Re: types of conformance from Bijan Parsia on 2007-01-04 (public-rif-wg@w3.org from January 2007)

From: Bijan Parsia <bparsia@cs.man.ac.uk>
Date: Thu, 4 Jan 2007 03:13:47 +0000
To: edbark@nist.gov
Cc: W3C RIF WG <public-rif-wg@w3.org>
Message-Id: <6B62EE15-A903-484C-92CB-E5BC97991B28@cs.man.ac.uk>
On Jan 4, 2007, at 1:43 AM, Ed Barkmeyer wrote:

> Bijan,
>
> I think we are largely on the same page.  I need to think more  
> about some parts of this, but I will try to clarify some things now.

Great.

> you wrote:
[snip]
>> Presumably, a document could "conform" to such simply by using  
>> those  features. You mean we should call out specific combinations  
>> as "key"?
>
> A document can conform by containing only those features, and  
> conforming to the representation requirements for them.

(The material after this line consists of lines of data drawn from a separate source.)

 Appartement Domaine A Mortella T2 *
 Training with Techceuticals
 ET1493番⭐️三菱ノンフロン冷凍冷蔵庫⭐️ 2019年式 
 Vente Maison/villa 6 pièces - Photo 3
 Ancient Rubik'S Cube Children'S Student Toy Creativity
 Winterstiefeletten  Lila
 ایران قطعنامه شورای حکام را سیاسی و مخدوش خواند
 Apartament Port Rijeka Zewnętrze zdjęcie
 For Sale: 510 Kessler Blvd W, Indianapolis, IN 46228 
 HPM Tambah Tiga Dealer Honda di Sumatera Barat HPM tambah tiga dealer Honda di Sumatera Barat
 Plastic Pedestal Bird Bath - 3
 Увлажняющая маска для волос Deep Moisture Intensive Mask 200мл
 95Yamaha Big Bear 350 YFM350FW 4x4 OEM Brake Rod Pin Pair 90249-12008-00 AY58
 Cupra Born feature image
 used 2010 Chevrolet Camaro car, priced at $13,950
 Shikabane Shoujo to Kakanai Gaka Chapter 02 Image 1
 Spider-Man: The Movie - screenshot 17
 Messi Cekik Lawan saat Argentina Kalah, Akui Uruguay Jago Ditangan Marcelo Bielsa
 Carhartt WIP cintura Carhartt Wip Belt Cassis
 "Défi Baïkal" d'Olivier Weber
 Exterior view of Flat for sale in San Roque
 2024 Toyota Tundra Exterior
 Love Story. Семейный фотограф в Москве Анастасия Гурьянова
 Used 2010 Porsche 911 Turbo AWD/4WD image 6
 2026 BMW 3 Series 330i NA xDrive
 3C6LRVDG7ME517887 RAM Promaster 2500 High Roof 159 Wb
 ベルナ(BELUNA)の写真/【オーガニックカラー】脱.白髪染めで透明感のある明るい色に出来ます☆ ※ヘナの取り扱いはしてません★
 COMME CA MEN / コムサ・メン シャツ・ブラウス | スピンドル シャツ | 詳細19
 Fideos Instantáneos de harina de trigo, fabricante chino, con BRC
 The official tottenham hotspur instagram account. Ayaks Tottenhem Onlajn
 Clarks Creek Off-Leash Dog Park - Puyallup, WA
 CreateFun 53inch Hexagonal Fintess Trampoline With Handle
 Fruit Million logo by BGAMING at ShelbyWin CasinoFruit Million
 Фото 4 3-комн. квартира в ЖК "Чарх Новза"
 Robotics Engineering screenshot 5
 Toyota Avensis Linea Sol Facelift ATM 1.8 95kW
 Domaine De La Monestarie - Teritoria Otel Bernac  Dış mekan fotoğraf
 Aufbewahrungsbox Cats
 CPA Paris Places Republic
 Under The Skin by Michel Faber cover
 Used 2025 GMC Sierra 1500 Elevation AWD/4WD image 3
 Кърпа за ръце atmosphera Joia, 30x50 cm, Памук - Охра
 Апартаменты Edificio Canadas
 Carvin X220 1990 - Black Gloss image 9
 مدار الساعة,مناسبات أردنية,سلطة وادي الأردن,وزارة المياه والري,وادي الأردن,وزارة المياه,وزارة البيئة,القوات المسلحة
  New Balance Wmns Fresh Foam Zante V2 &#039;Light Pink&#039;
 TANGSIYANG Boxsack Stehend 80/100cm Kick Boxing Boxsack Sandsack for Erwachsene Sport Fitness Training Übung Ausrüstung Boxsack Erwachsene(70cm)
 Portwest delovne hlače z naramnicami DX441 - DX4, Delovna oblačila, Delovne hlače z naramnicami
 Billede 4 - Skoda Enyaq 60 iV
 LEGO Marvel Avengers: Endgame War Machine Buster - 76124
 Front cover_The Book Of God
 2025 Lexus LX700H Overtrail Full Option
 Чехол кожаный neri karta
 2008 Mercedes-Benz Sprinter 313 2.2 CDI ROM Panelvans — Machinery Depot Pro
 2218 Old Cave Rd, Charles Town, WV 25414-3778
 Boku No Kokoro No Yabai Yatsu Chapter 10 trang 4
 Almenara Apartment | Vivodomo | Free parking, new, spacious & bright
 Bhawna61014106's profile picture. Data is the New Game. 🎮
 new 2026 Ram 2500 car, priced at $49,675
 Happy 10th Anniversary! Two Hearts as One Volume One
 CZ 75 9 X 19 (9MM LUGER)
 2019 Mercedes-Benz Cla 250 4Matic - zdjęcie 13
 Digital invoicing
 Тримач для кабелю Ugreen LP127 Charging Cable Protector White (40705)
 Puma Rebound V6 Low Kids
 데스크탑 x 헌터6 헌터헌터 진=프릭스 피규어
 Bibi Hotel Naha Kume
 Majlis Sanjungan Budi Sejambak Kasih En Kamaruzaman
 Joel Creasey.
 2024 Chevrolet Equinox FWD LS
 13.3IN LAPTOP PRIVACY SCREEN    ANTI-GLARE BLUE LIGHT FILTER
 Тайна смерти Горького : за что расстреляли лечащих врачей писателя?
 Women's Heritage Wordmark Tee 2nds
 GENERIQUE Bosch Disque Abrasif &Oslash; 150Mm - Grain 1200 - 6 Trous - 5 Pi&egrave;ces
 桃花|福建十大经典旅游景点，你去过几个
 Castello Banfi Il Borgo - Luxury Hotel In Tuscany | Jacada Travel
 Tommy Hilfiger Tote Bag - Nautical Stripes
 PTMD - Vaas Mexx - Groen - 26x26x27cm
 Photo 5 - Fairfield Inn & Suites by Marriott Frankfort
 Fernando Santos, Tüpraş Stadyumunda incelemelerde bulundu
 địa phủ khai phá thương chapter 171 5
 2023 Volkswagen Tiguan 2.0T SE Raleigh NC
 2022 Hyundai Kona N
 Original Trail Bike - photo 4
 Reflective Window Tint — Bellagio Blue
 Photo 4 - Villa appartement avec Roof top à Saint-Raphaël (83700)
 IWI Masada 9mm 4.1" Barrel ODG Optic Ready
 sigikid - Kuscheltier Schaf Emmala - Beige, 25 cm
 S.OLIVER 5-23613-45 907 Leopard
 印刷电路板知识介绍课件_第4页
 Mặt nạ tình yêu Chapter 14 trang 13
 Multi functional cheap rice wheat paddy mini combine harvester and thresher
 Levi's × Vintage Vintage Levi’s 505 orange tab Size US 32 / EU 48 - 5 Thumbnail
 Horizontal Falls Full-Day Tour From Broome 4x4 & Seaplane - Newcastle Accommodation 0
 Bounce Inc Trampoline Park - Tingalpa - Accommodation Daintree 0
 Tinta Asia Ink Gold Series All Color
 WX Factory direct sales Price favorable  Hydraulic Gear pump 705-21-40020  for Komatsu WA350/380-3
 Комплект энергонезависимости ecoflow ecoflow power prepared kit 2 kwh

Well, I don't distinguish these. :)

> I did mean that, for tools, it is better to have "key combinations"  
> of features that have a high probability of multiple  
> implementations that include all of the features in a specified  
> combination.

The main reason for this, afaict, is to force tools to get up to  
snuff. Conformance is a very useful, if powerful, stick. But  
recognize that someone will get wacked :)

(I blogged about this: <http://clarkparsia.com/weblog/2006/12/30/ 
conformance-conundrums/>.)

>   If we allow arbitrary combinations over a sizeable set (10+) of  
> optional features, we may expect most RIF rulesets to be readable  
> only by the tool that wrote them.

I really don't see why that's the case, especially if the main goal  
is interchange.

If RIF is primarily an interchange format then users will be  
primarily working in *antecedently developed* rule langauges.  
Perhaps, "independently developed" is better. So, they'll use  
whatever that language offers. If they want to port their rules to  
other rule engines they have to do some work to ensure their rules  
are portable (this is as opposed to popping the rules into a third  
party editor or pretty printing....it's *much* easier to "fully  
conform" to even wildly expressive languages for these sorts of tools.)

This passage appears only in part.